Sabtu, 14 April 2012

PIDATO DI PINGGIR JALAN (PAK DHE KARYO IN MEMORIAM)


PIDATO DI PINGGIR JALAN
(PAK DHE KARYO IN MEMORIAM)

Pada sebuah jalan pemakaman, matahari merangkak lambat dan pucat. Burung-burung  sekali dua tampak melintas-lintas. Di atas kepala beberapa pelayat, nyiur kelapa menjuntai. Diterpa semilir, putih bunga kamboja berguguran. Ada yang tersingkap. Ada yang merapuh.[1] Ada yang bisik-bisik. Ada yang melihat-lihat batu nisan, membaca nama-nama. Menutupi lobang yang menganga, tanah merah kembali ditelungkupkan. Jasad itu telah dikembalikan pada dirinya. Wajah-wajah tampak kusut dan tertegun, tapi tak ngeri. Pemakaman berjalan dengan cepat. Tanpa doa, tanpa air mata.
* * *
Sudah lama Sin-jim mencari-cariku. Ia pernah bercerita kisah seorang mantan pejuang. Dengan mengenakan baju hijau tentara yang sudah usang, sepatu lars tua, peci, ikat pinggang kopel serta tak lupa kaca mata hitam, laki-laki tua itu berdiri di pinggir jalan besar dekat pasar. Tak jarang ia berkacak pinggang, atau memberi aba-aba, atau melakukan gerakan-gerakan langkah tegap seolah seperti sedang berbaris. Kalau kebetulan ada beberapa orang yang merasa tertarik untuk nonton, maka ia berpidato.
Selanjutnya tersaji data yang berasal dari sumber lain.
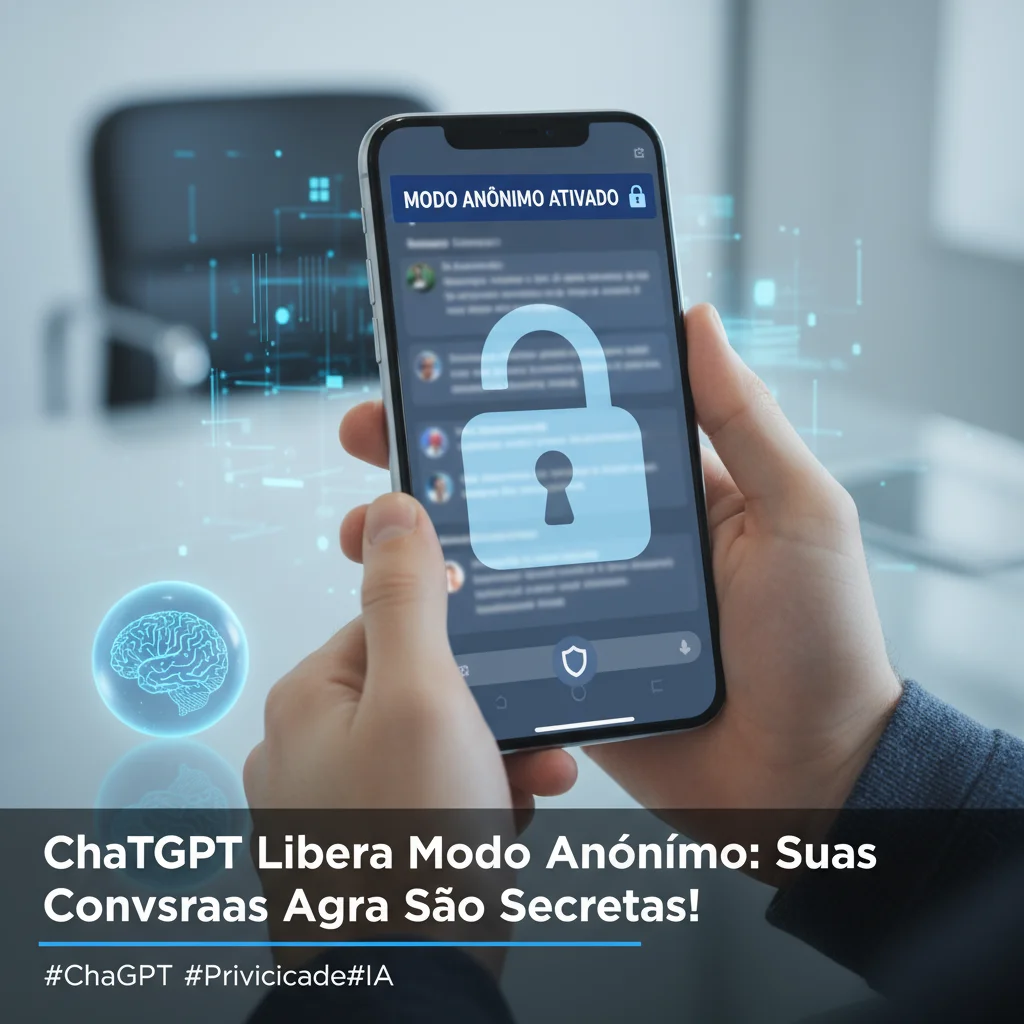 ChatGPT Libera Modo Anônimo: Suas Conversas Agora São Secretas!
"Saudara-saudara sekalian," katanya sambil mengacung- acungkan tangannya ke atas. "Kemerdekaan Republik Indonesia ini tidak akan pernah tercapai tanpa perjuangan Tentara Republik Indonesia." Ia berhenti sebentar menarik napas. "Oleh karena ini, hormatilah para pejuang, para pahlawan, baik yang gugur di medan laga maupun yang selamat sejahtera. Demikian saudara- saudara, ini mohon diperhatikan."
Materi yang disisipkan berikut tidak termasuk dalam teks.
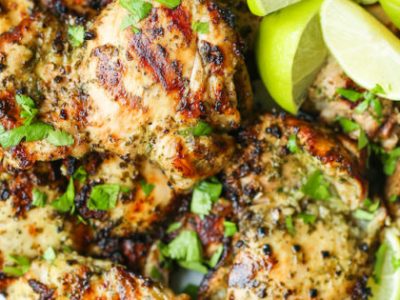 Cilantro Lime Chicken Thighs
Secara tidak teratur, beberapa orang berhenti dan melihat acuh tak acuh. Yang sendiri-sendiri, dua-dua, dan sekelompok anak SLTA. Saling berbisik, sebagian orang menyorongkan mulutnya ke kuping temannya, yang mendengar menganggku kecil. Laki-laki itu melanjutkan pidatonya.
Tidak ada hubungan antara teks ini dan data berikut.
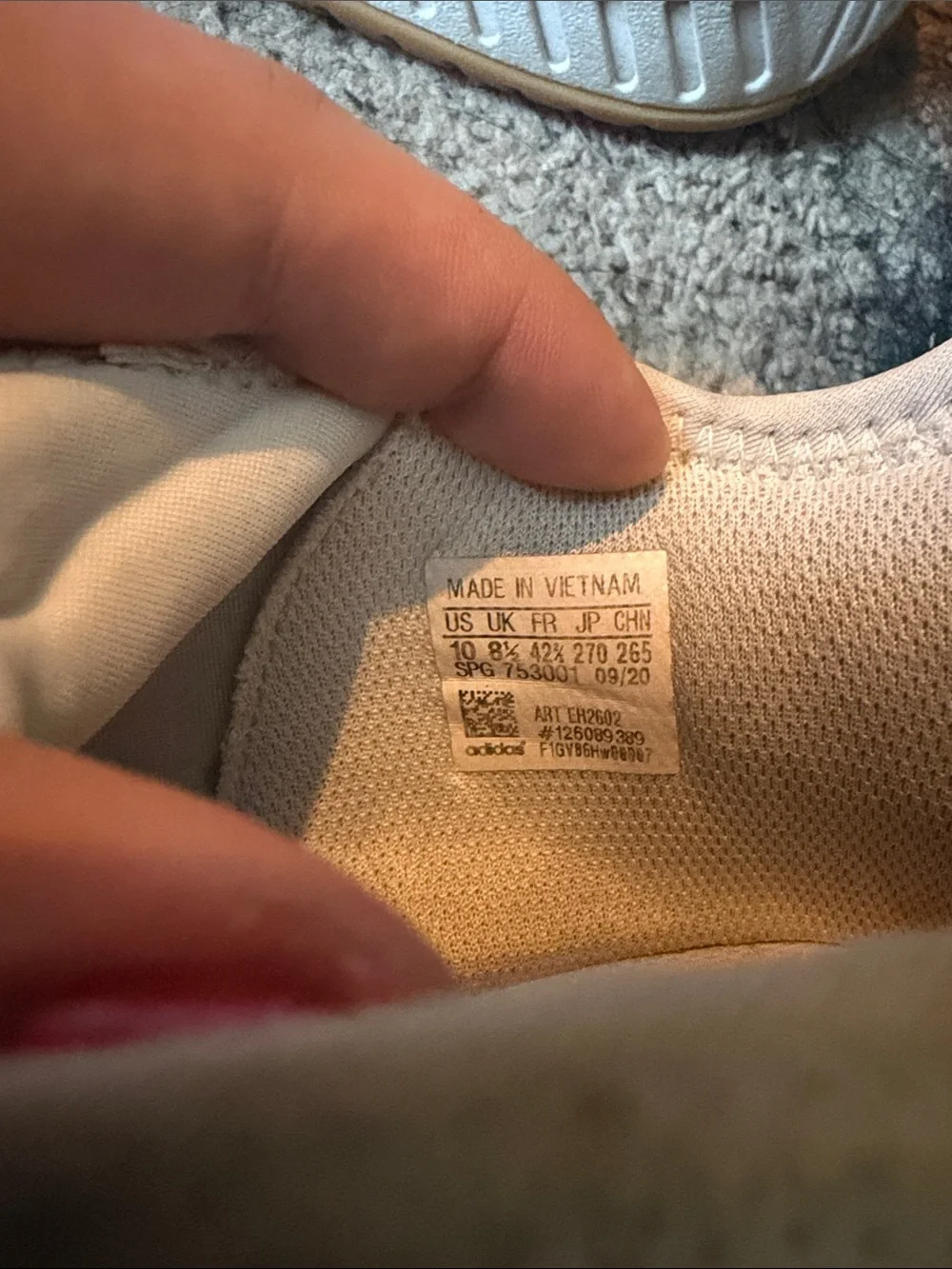 adidas White and Light Gray Mesh Training Sneakers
"Sekarang coba lihat. Bisa anda rasakan sendiri. Pembangunan lancar, kehidupan membaik. Semua serba mudah. Kemerdekaan memberikan kita kesempatan untuk membangun. Kebebasan berkreasi. Kesempatan menikmati hidup. Tapi itu pulalah yang membuat kita lupa diri. Apa saja yang kita kerjakan selama ini selain mengurus dirinya masing-masing." Laki-laki itu memutuskan pidatonya. Serta merta, dengan langkah tegap ia meninggalkan kerumunan kecil itu. Raut mukanya menyiratkan gairah kebanggaan.
Cuma sebetulnya aku ingin mendengarkan kisah-kisah kasih. Tentang burung-burung berterbangan mengepakkan sayap, redup mentari. Bulir-bulir embun. Riak air dan segar pagi hari dengan senandung. Mungkin ocehan bayi.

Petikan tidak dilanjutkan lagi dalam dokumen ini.